Before the start of the race, free and timed free practice sessions are organized for all of the riders classified into three categories: blue, red and green. The starting grid is determined by adding the best lap times of the three riders in each crew.

The Races

The EWC World Championship has 5 events: two 24-hour events and three eight-hour events. The season starts in September on the Paul Ricard circuit in France with the Bol d'Or, and ends in Japan with the Suzuka 8 Hours, late in July. The points scale depends on the event. The team that wins a 24-Hour event earns 40 points, the second 33, the third 28, the fourth 24, the fifth 21, the sixth 19, the seventh 17, the eighth 15, the ninth 13, the tenth 11 ... down to the twentieth, which marks 1 point.

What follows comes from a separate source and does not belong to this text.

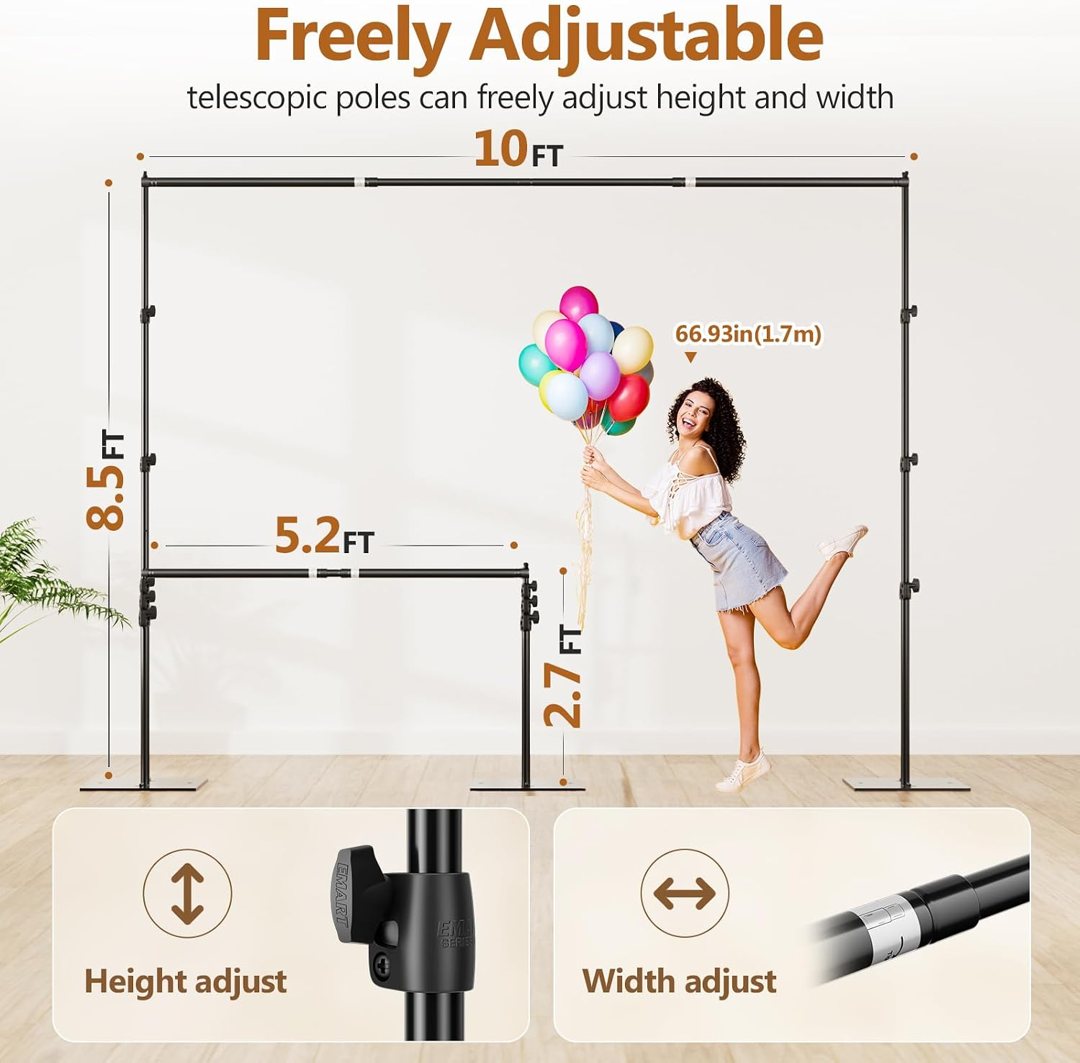 EMART Backdrop Stand Heavy Duty 8.5x10ft Adjustable Pipe and Drape Stand — frame 3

The team that wins a 24-Hour event earns 30 points, the second 24, the third 21, the fourth 19, the fifth 17, the sixth 15, the seventh 14, the eighth 13, the ninth 12, the tenth 11 ... down to the twentieth, which marks 1 point. For the Suzuka Final, the winning team pockets 45 points, the second ranked 36, the third 31.5, the fourth 28.5, the fifth 25.5, the sixth 21, the seventh 19.5, the eighth 18, the ninth 16.5, the tenth 15 ... Up to the twentieth, which marks 1.5 points. For 24-hour races, bonuses are also awarded to the first 10 after 8 hours and 16 hours of races.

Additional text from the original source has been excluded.